Martin Tyler is under contract with ESPN through the 2014 World Cup Final, but so too is equally accomplished commentator Ian Darke. Both gentlemen were at the top of their game for the 2010 FIFA World Cup, but it was Darke who became a cult hero in the United States after his infamous commentary of Landon Donovan scoring in the last minute against Algeria to earn a place in the Round of 16 against Ghana.
The question for ESPN is to decide who will commentate the 2014 World Cup Final.
In terms of commentating styles, Tyler and Darke are polar opposites. Darke is a commentator who is very American in his method. He likes to talk a lot. He’s charming to listen to. He exudes confidence. And his most powerful card up his sleeve is his ability to create and maintain excitement.
Tyler, meanwhile, is a typical English gentlemen, choosing his words wisely, never having a harsh word or critical opinion, but always delivering a meaningful and informative commentary. Tyler prefers to build layers in his commentary, slowly increasing his tempo to the ultimate climax of a goal being scored.
ESPN is spoiled by having two of the best English-speaking commentators in the game. Both have their faults — Darke likes to fill quiet spells in games with transfer gossip and relies too heavily on what teams footballers play for in the Premier League even when the game has nothing to do with England’s top flight. Tyler, on the other hand, can be too passive and can lull a viewer into getting drowsy, at times, if the match is uneventful.

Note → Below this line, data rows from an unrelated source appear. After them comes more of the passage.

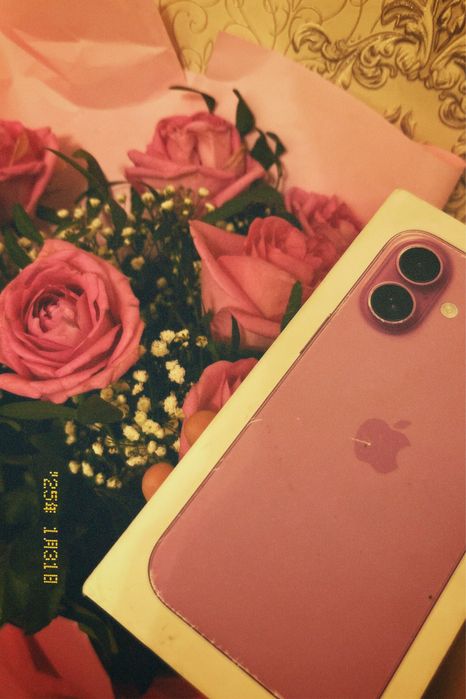 Продаю айфон 16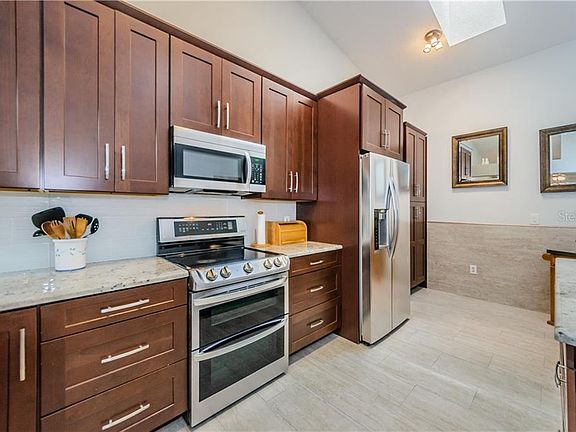 5th image of 39650 Us Highway 19 N APT 655
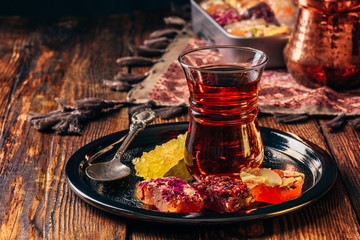 Tea in armudu with oriental delight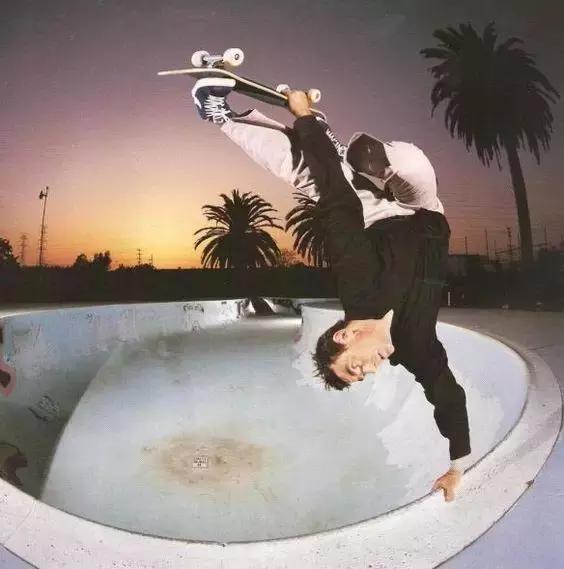 几百块的板鞋，但也是各大品牌的联名宠儿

ESPN has a difficult decision to make. My personal opinion is that I favor Martin Tyler. To me, he’s the poet laureate of English-speaking soccer commentary. He’s one of the greatest commentators the sport has ever had. I consider his commentaries as art. He takes the game to a higher level, and the World Cup is the ultimate venue for his work of art to be on display to millions.

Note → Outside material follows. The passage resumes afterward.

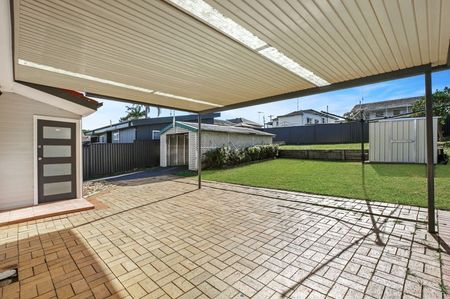 FAMILY HOME IN SOUGHT AFTER STREET - Photo 3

The difference between Darke and Tyler is old school football versus modern football. Tyler is admired by purists, and has worked hard at staying at the top of his game. Darke is more appealing to mainstream sports fans in America who can relate better to him with his style and bravado. As a result, I would think he’s more appealing to advertisers, who may expect ESPN to generate higher ratings because of the “Ian Darke Effect,” especially those who still remember his commentary from World Cup 2010.